-- Given information --
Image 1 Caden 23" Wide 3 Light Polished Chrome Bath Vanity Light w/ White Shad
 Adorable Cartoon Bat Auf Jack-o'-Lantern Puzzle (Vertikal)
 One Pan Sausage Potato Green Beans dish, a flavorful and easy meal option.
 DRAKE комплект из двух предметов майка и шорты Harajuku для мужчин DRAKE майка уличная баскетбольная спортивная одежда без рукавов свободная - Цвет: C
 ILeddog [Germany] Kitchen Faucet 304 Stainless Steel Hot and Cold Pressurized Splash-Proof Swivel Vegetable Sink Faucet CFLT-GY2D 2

-- Work instructions --
Retype word for word the lines running from the line containing "DRAKE комплект из" to the end of the listing, and only those.

-- Reply --
 DRAKE комплект из двух предметов майка и шорты Harajuku для мужчин DRAKE майка уличная баскетбольная спортивная одежда без рукавов свободная - Цвет: C
 ILeddog [Germany] Kitchen Faucet 304 Stainless Steel Hot and Cold Pressurized Splash-Proof Swivel Vegetable Sink Faucet CFLT-GY2D 2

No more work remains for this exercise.